(Entries taken from a collection)
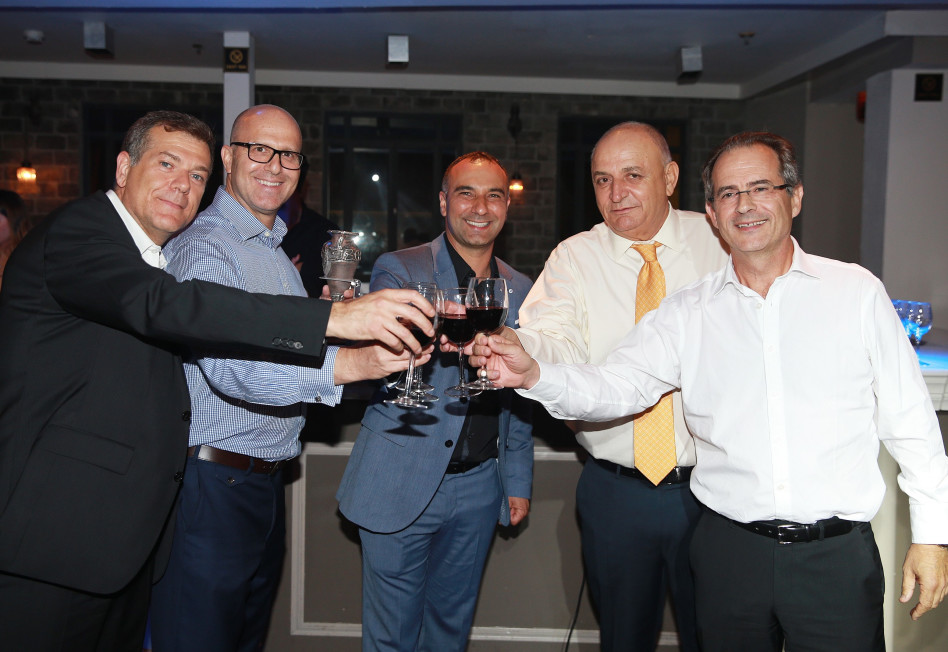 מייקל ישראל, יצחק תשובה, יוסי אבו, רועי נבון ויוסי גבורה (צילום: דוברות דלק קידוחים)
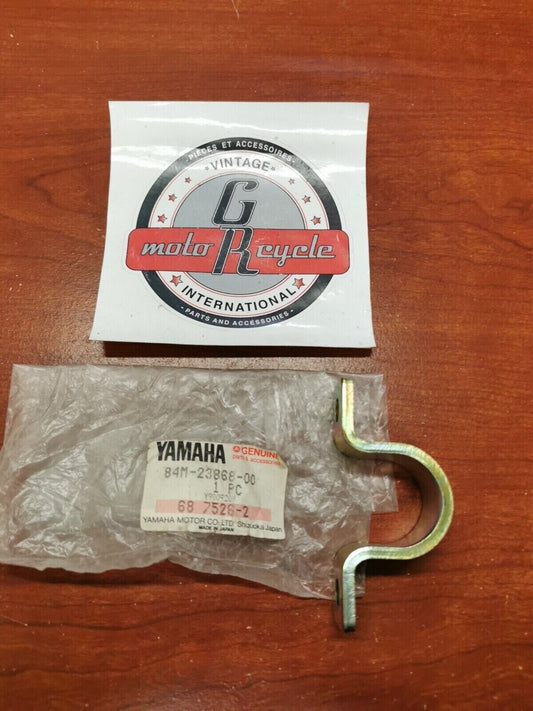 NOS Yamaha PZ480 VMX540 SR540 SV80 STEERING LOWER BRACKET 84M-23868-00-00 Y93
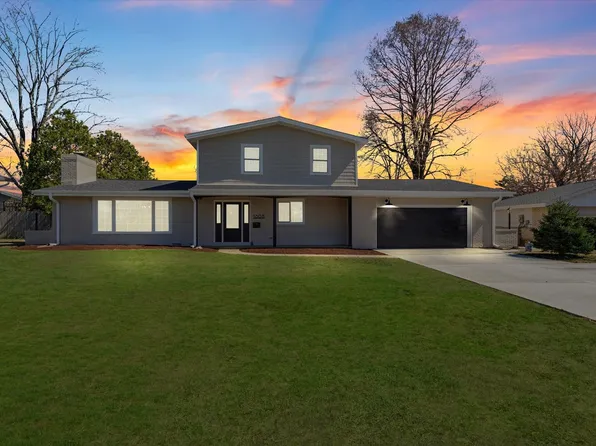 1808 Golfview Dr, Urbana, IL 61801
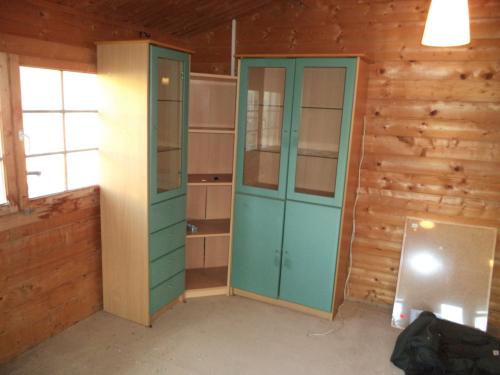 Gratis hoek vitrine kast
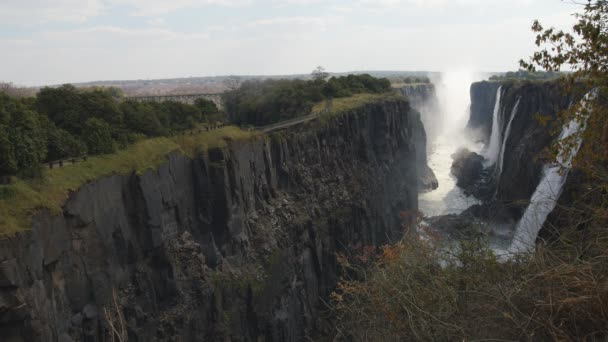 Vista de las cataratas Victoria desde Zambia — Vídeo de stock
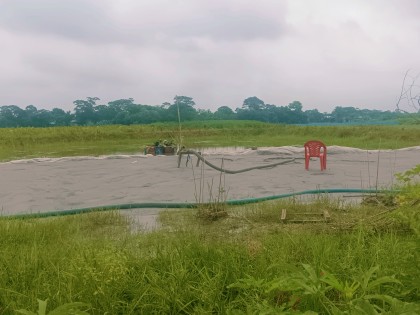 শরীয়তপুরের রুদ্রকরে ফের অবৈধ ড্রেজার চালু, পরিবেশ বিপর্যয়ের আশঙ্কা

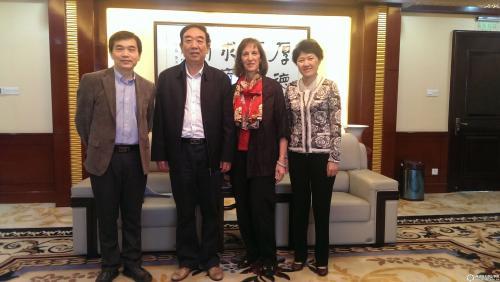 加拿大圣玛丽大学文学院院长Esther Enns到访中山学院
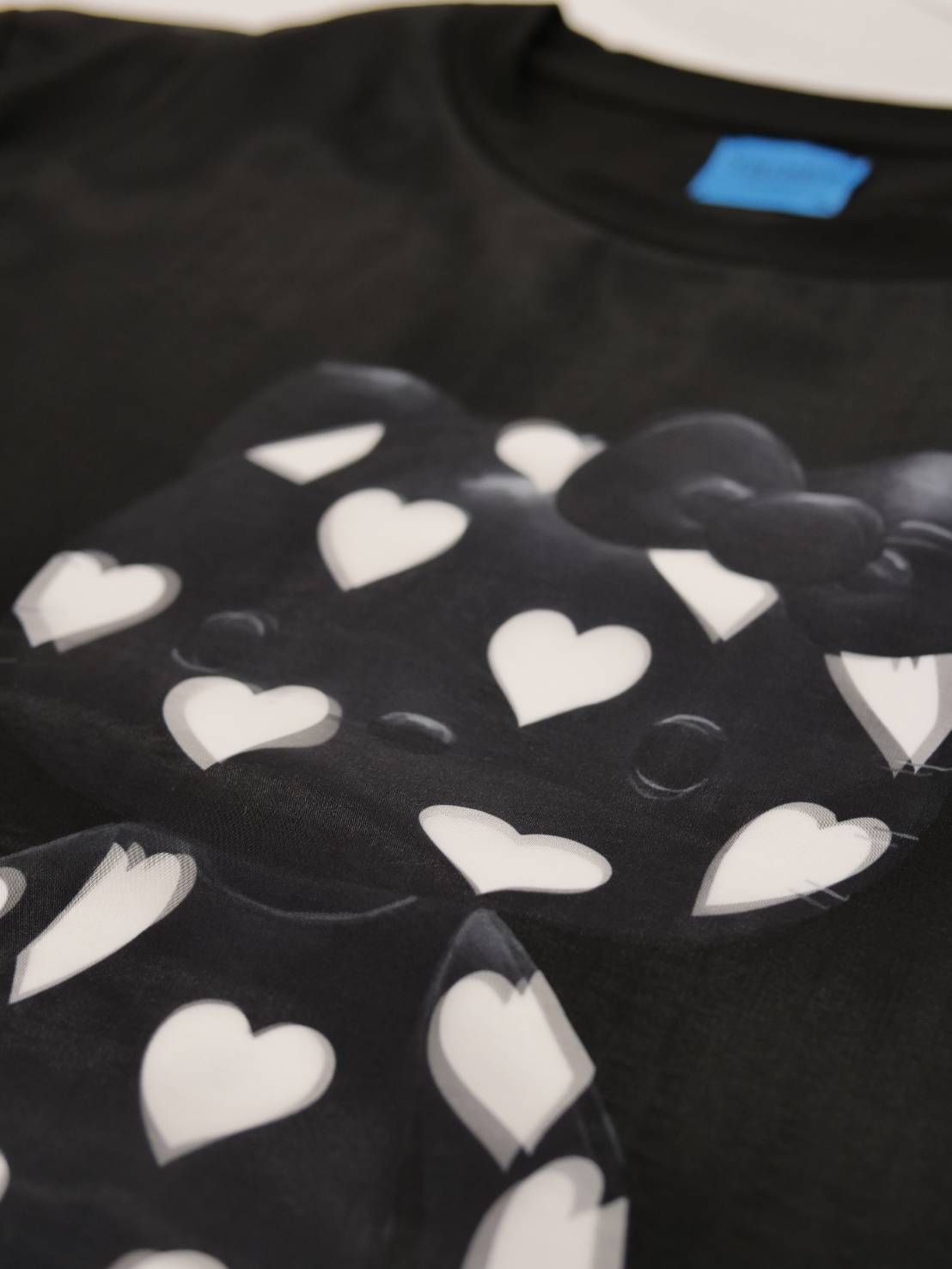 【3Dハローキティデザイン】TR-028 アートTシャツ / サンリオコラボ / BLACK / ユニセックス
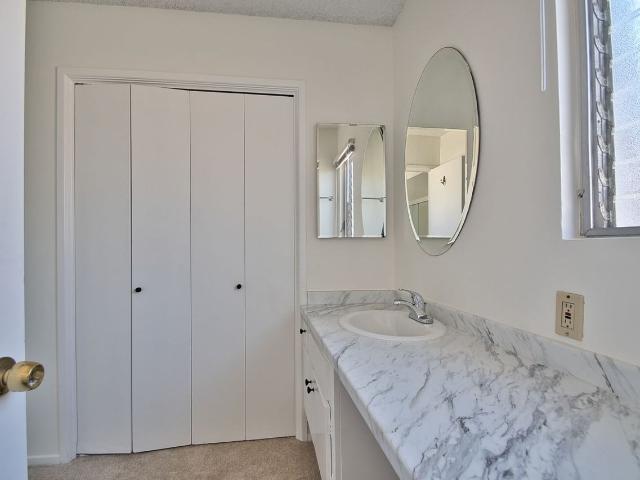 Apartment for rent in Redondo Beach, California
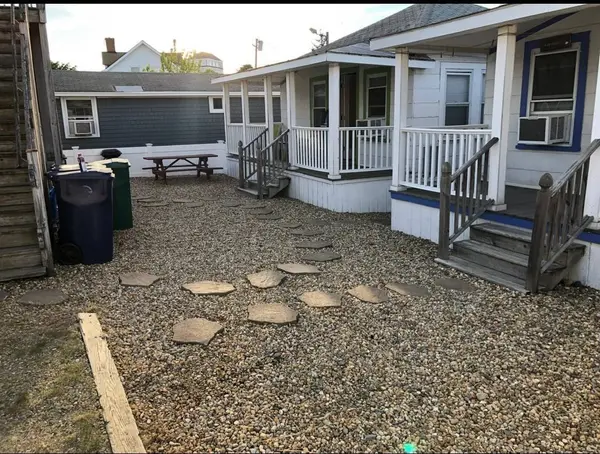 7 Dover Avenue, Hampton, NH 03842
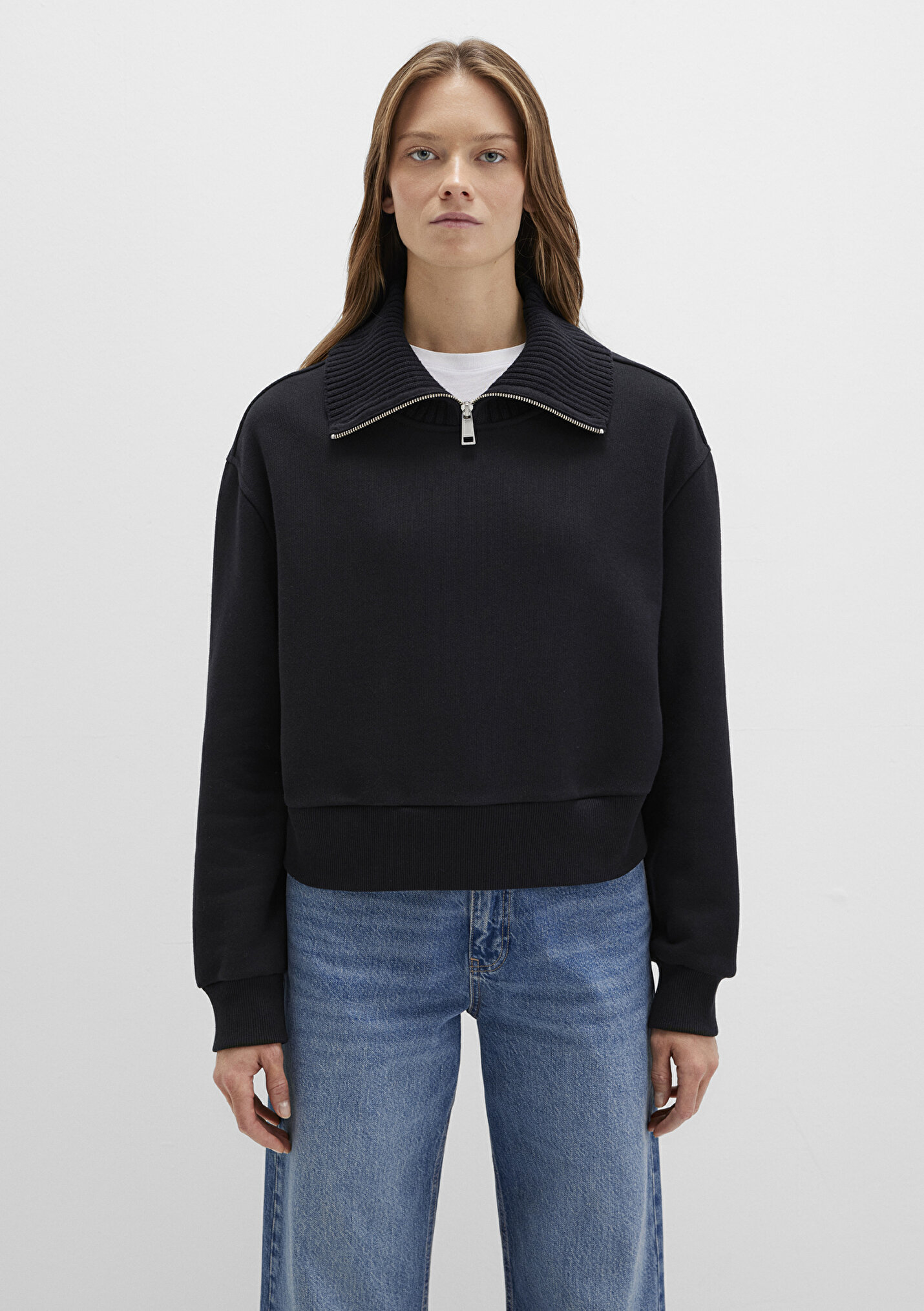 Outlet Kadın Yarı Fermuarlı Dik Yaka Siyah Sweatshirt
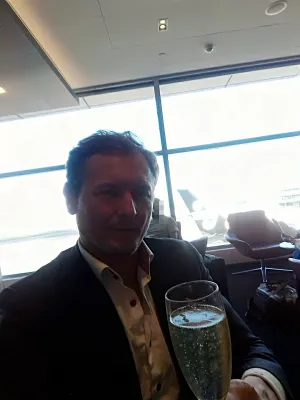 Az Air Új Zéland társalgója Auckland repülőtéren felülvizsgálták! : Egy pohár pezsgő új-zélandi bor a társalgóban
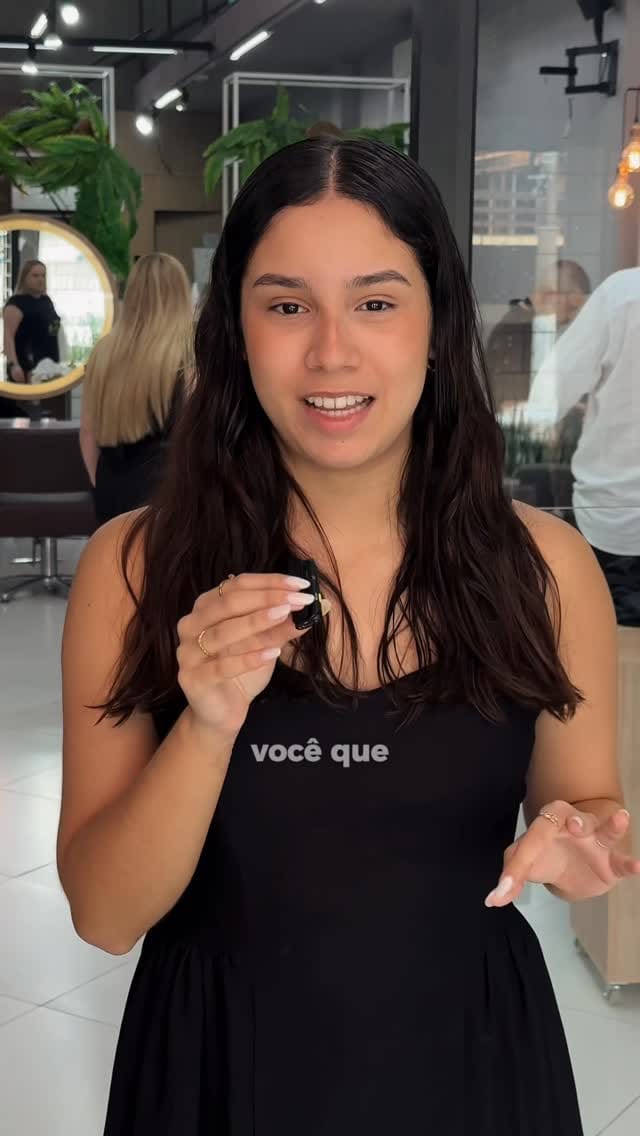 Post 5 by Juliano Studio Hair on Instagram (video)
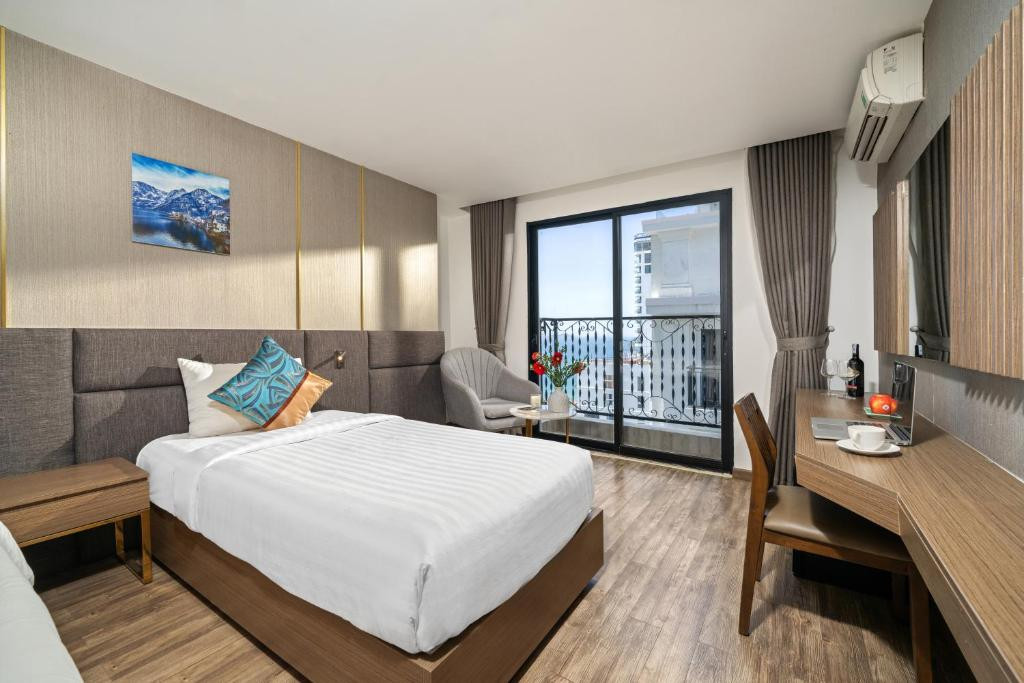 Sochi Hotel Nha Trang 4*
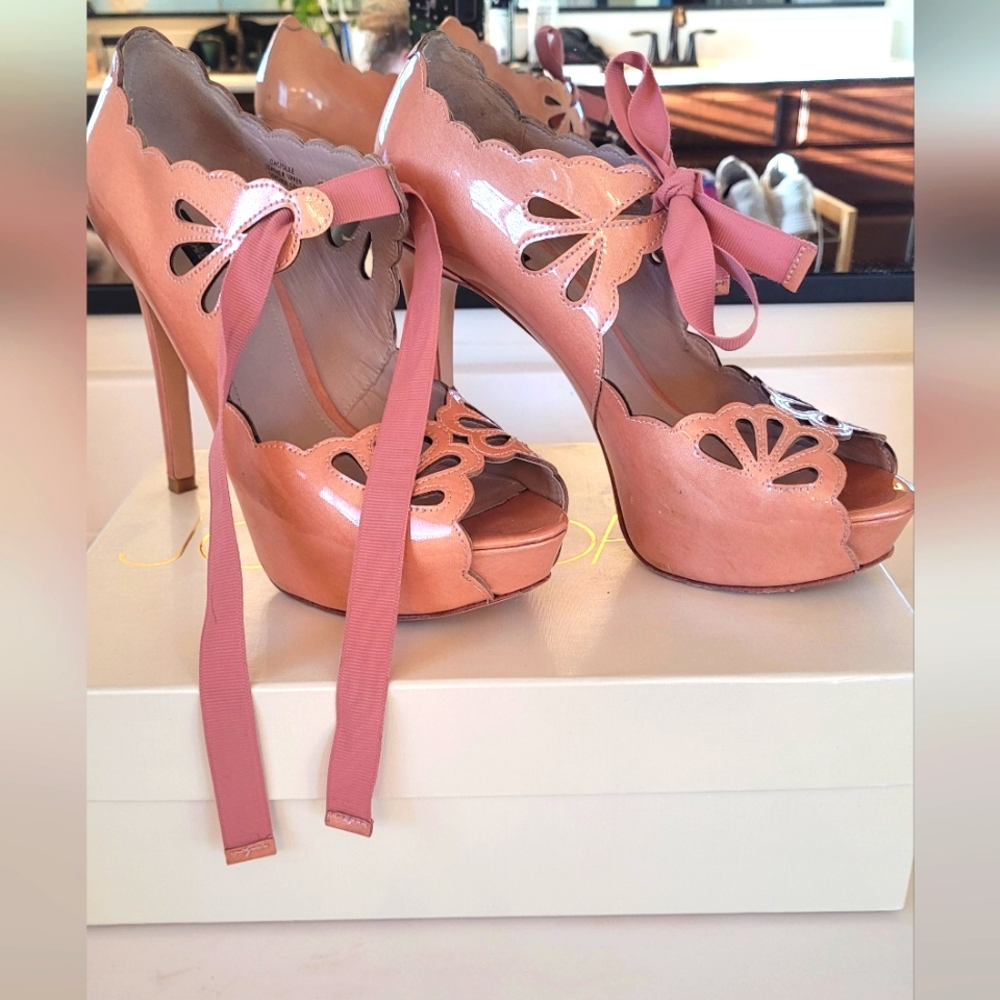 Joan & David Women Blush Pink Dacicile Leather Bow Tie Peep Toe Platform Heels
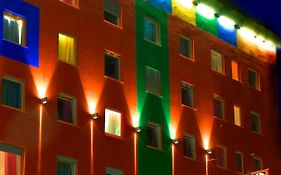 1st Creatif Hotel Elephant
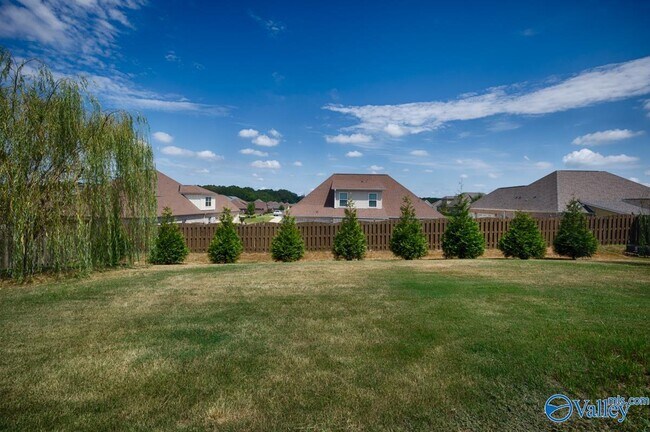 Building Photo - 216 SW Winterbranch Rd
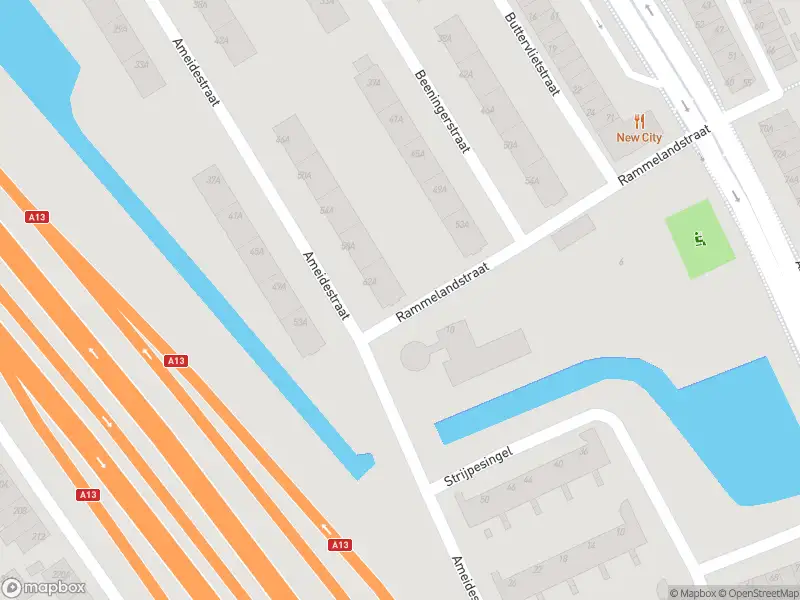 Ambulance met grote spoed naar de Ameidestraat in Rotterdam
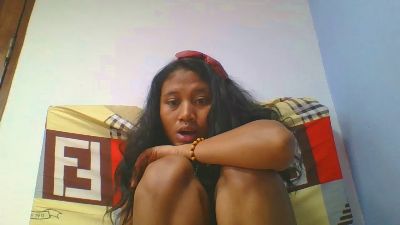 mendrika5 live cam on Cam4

_Instructions to follow_. Each record above must be retyped exactly, minus its pictures.

_Expected answer_.
 מייקל ישראל, יצחק תשובה, יוסי אבו, רועי נבון ויוסי גבורה (צילום: דוברות דלק קידוחים)
 NOS Yamaha PZ480 VMX540 SR540 SV80 STEERING LOWER BRACKET 84M-23868-00-00 Y93
 1808 Golfview Dr, Urbana, IL 61801
 Gratis hoek vitrine kast
 Vista de las cataratas Victoria desde Zambia — Vídeo de stock
 শরীয়তপুরের রুদ্রকরে ফের অবৈধ ড্রেজার চালু, পরিবেশ বিপর্যয়ের আশঙ্কা

 加拿大圣玛丽大学文学院院长Esther Enns到访中山学院
 【3Dハローキティデザイン】TR-028 アートTシャツ / サンリオコラボ / BLACK / ユニセックス
 Apartment for rent in Redondo Beach, California
 7 Dover Avenue, Hampton, NH 03842
 Outlet Kadın Yarı Fermuarlı Dik Yaka Siyah Sweatshirt
 Az Air Új Zéland társalgója Auckland repülőtéren felülvizsgálták! : Egy pohár pezsgő új-zélandi bor a társalgóban
 Post 5 by Juliano Studio Hair on Instagram (video)
 Sochi Hotel Nha Trang 4*
 Joan & David Women Blush Pink Dacicile Leather Bow Tie Peep Toe Platform Heels
 1st Creatif Hotel Elephant
 Building Photo - 216 SW Winterbranch Rd
 Ambulance met grote spoed naar de Ameidestraat in Rotterdam
 mendrika5 live cam on Cam4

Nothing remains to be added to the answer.